In Kong tornano gli echi dub di cui Mezzanine sembrava essersi liberato, con una base che ricorda One Love, cavallo di battaglia dell’esordio Blue Lines. Troppo timido è infatti l’apporto di Four Tet, limitato a qualche pennellata ritmica per lo più visibile solo a un orecchio allenato, per un risultato finale in cui uno dei producer più attivi degli ultimi anni, ovviamente Hebden, sembra narcotizzato dal fascino di Del Naja, attualmente sbiadito ricordo di un genio nascosto da troppi anni tra side project o speculazioni banksiane.

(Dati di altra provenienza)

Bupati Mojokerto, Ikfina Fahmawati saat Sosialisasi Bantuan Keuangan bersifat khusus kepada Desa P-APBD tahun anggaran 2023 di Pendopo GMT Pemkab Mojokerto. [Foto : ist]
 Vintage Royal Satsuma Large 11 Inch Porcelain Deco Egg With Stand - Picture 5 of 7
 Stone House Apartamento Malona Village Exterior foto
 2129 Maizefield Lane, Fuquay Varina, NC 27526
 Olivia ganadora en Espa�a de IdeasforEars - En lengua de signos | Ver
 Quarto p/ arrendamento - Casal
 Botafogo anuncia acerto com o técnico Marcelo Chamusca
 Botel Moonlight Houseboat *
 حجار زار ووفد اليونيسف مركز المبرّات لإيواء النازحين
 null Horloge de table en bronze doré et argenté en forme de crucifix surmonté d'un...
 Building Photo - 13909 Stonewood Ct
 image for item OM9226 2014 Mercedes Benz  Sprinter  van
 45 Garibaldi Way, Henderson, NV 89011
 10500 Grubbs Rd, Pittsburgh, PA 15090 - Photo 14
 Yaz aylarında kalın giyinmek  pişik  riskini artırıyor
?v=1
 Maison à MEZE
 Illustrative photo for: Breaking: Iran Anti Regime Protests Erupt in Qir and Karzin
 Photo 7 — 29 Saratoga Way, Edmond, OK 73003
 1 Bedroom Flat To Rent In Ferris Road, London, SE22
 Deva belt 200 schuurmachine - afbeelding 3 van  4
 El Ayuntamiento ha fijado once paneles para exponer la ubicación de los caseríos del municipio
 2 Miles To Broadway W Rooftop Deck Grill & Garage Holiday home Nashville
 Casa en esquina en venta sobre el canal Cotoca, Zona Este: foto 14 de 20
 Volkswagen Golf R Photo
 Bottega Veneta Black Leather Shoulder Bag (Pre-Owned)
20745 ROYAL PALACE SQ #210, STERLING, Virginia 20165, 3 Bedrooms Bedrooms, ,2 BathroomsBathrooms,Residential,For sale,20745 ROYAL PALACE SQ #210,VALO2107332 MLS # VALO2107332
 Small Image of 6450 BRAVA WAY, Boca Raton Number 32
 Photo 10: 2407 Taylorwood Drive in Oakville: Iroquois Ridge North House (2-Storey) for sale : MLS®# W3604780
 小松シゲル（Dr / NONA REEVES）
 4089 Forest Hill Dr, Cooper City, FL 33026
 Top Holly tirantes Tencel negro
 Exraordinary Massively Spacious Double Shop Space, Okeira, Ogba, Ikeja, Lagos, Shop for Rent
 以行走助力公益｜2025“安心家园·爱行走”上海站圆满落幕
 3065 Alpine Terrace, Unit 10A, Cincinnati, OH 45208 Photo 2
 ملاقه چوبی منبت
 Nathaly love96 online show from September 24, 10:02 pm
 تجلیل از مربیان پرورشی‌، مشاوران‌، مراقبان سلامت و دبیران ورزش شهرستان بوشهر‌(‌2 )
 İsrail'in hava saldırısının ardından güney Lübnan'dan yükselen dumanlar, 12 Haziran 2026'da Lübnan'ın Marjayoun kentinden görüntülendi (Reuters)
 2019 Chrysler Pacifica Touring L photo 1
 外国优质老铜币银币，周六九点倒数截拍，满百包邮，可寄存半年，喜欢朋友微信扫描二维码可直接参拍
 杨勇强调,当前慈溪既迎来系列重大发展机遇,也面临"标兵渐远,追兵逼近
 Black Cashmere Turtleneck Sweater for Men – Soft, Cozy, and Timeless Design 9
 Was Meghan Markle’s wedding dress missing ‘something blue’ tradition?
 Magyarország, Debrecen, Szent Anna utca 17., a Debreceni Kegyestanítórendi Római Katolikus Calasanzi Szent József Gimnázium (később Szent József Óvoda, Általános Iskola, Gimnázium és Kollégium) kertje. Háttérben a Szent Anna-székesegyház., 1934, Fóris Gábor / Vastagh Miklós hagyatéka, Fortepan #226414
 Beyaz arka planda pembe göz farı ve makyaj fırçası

Perché da un incontro tanto sognato e addirittura immaginato nei featuring Burial/ Massive Attack ci si aspettava di più, o quanto meno non una sbornia nostalgica nell’epoca in cui anche l’idea di retromania sembra aver annoiato. Kong sembra un ritratto decadente di un tempo impossibile da resuscitare, soprattutto ora che l’elettronica deve ripartire dai club per tornare a riprendersi uno spazio proprio, dopo che il pop di mezzo mondo ha assoldato i grandi innovatori della scena come Re Mida da hit – basta pensare alla deriva spaccaclassifica di Diplo o ad Hudson Mohawke con Kanye e A$AP Rocky.

Per fortuna che c’è Neneh Cherry. La cantante svedese qui diventa il diamante che salva in corner un prodotto già reiterato nonostante sia uscito da poche ore. Attenzione, non stiamo parlando dell’apporto vocale – ennesimo epigone di quanto fatto da Horace Andy o Elizabeth Fraser con i Massive Attack – ma ciò che qui importa è il significato della sua figura, inscindibile dal testo di Kong. “But love is big and every land/ Every nation seeks its friends in France and Italy/ And all across the seven seas“, canta Cherry, nata a Stoccolma da madre svedese e padre del Sierra Leone, per un testo in cui si grida l’urgenza dei migranti e della tragedia umanitaria dei respingimenti. Ed ecco perché Del Naja, alla fine, ce lo ha messo in quel posto.

Che importanza avrebbero avuto versi in cui si chiede all’Europa di aprire gli occhi, se il beat sullo sfondo fosse stato l’ennesima dimostrazione del talento di Del Naja o del barocco minimalista di Four Tet? Qui il protagonista deve essere il messaggio della canzone, cantato da una voce in cui si intreccia la black music ai canoni europei, e nient’altro. 3D e Hebden diventano quindi sceneggiatori, ritrattisti del viso multiculturale di Cherry, senza prendersi la traccia con una collaborazione per certi versi epocale, ma che sfruttando i nomi in causa diventa funzionale allo scopo, affidando alla cantante il palcoscenico di un testo più attuale e necessario che mai.